Wednesday, August 15, 2007

Escritor que é sinônimo de "absurdo" - II


Pedro J. Bondaczuk

(CONTINUAÇÃO)

SOLITÁRIO INCONFORMADO

Franz Kafka, embora pessoa de fino trato e que, na aparência, denotasse estar de bem com a vida, era um homem amargo e solitário. Não conseguia (ou achava isso) ser compreendido por parentes, amigos e conhecidos, embora fizesse de tudo para agradar. Ao contrário da maioria que se sente desse modo, todavia, o escritor jamais se conformou com esse isolamento.
Buscou, através dos canais da sua arte de escrever, emitir um grito desesperado de socorro ao mundo, numa súplica velada por atenção, afeição e respeito. Basta que a sua obra seja lida como deve ser, isto é, não apenas com o intelecto, mas com sensibilidade, para que isso fique evidenciado. Kafka antecipou, em seus textos, portanto, um clima psicológico que mais tarde iria caracterizar o nosso tempo.
Afinal, não é assim que nos sentimos na cidade grande: isolados, incompreendidos e injustiçados? Não somos vítimas de aterrorizante solidão, paradoxalmente em meio a multidões que se multiplicam de forma vertiginosa? Contudo, quanto mais gente nos rodeia, mais sós nos sentimos.
Não vivemos à procura, mesmo que de forma inconsciente, de romper as barreiras da incompreensão que nos cercam e nos angustiam? Não nos sentimos massacrados por um sistema (político, econômico e social) com o qual não concordamos, contra o qual nos indispomos e nos insurgimos, mas que, por covardia ou comodismo, ajudamos a se manter intacto?
Bem que Kafka procurou romper seu isolamento, ditado não por sua estrutura psicológica, mas pelas condições externas do seu tempo, da sociedade a que pertencia e do lugar em que vivia.
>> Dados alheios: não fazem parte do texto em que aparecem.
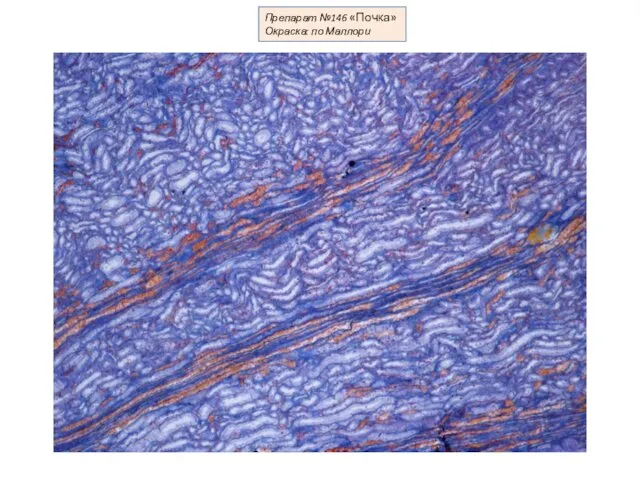 Препарат №146 «Почка» Окраска: по Маллори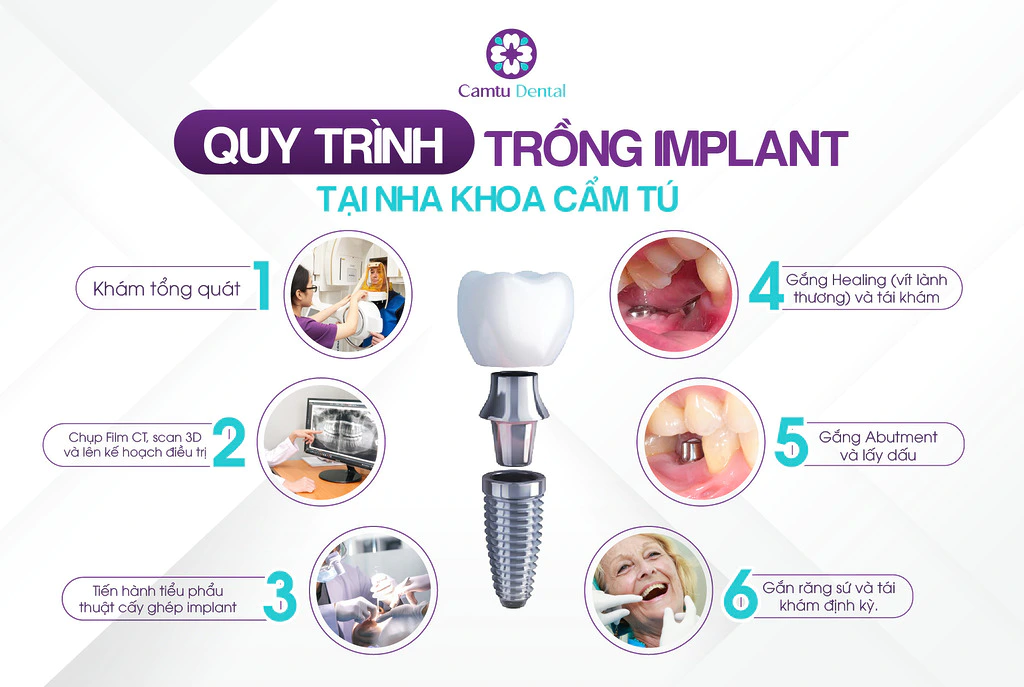 Infographic mô tả chi tiết quy trình cấy ghép implant tại Nha khoa Camtu, bao gồm các bước từ thăm khám ban đầu, chụp CT, phẫu thuật, đặt nắp lành thương, gắn abutment cho đến gắn mão răng cuối cùng.
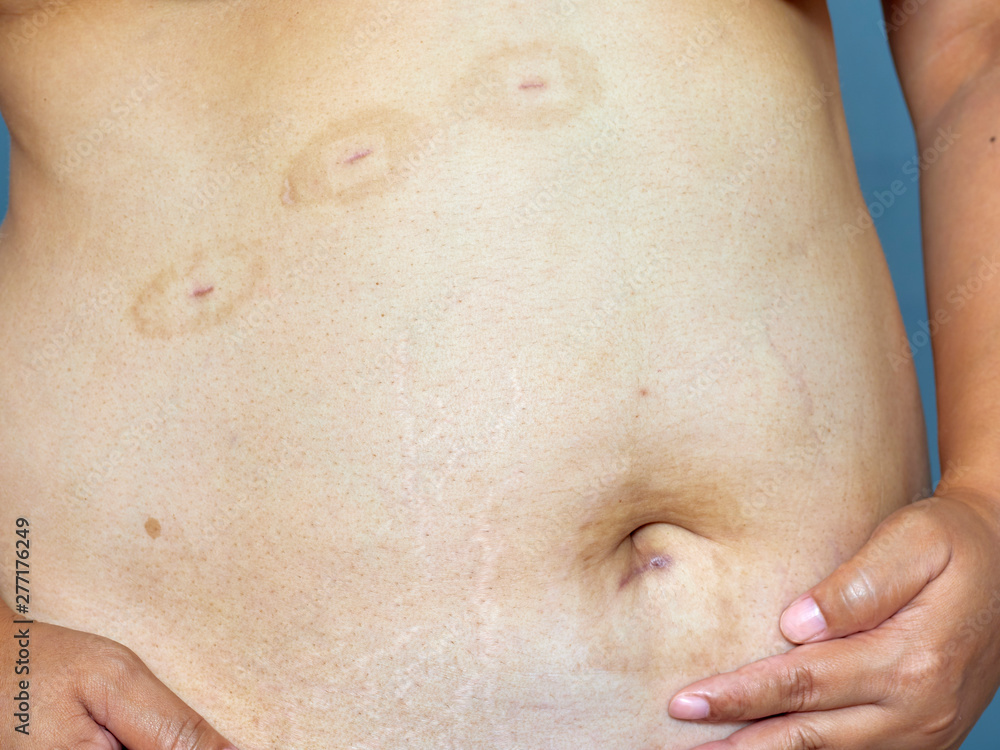 Fototapeta premium Scars on the skin from surgery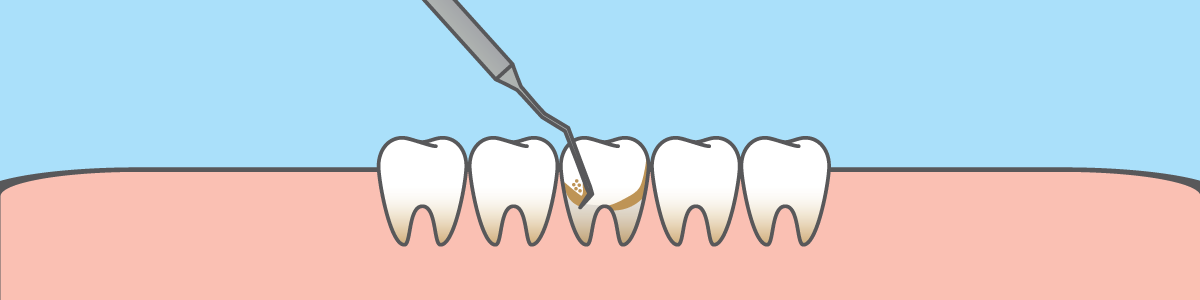 Vector of Teeth Cleaning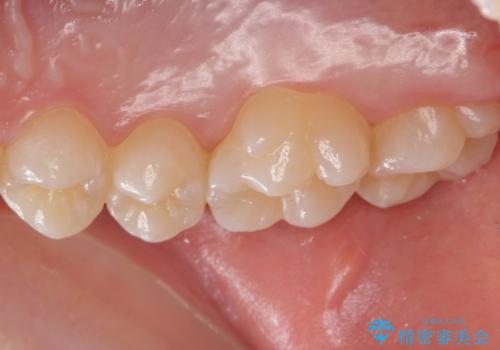 歯と歯の間の虫歯　セラミックインレーでの治療の治療前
Tanto é que se ligou afetivamente a três mulheres: Felícia Bauer, Milena e Dora Dyamant.
Mas sempre que estava prestes a quebrar as cadeias da solidão que o torturava, mediante absoluta e incondicional auto-entrega, acabava vítima de tormento ainda pior: o da dúvida. Sentia-se forçado a escolher entre dois caminhos excludentes e inconciliáveis: deixar de ser só, partilhando a vida com uma mulher. Mas, para tanto, tendo que abrir mão da autonomia pessoal, da liberdade, que tanto prezava.
Terminou por não ter uma coisa e nem outra. Ou seja, nem companhia e nem liberdade. Jamais deixou de se sentir solitário, mesmo quando acompanhado. E no fim da vida – ele que morreu precocemente, aos 41 anos –, foi forçado, pelas circunstâncias, a se submeter a uma humilhante dependência, quase que completa, a uma mulher, Dora Dyamant, após ser acometido de tuberculose e exigir, por isso, cuidados constantes e especiais.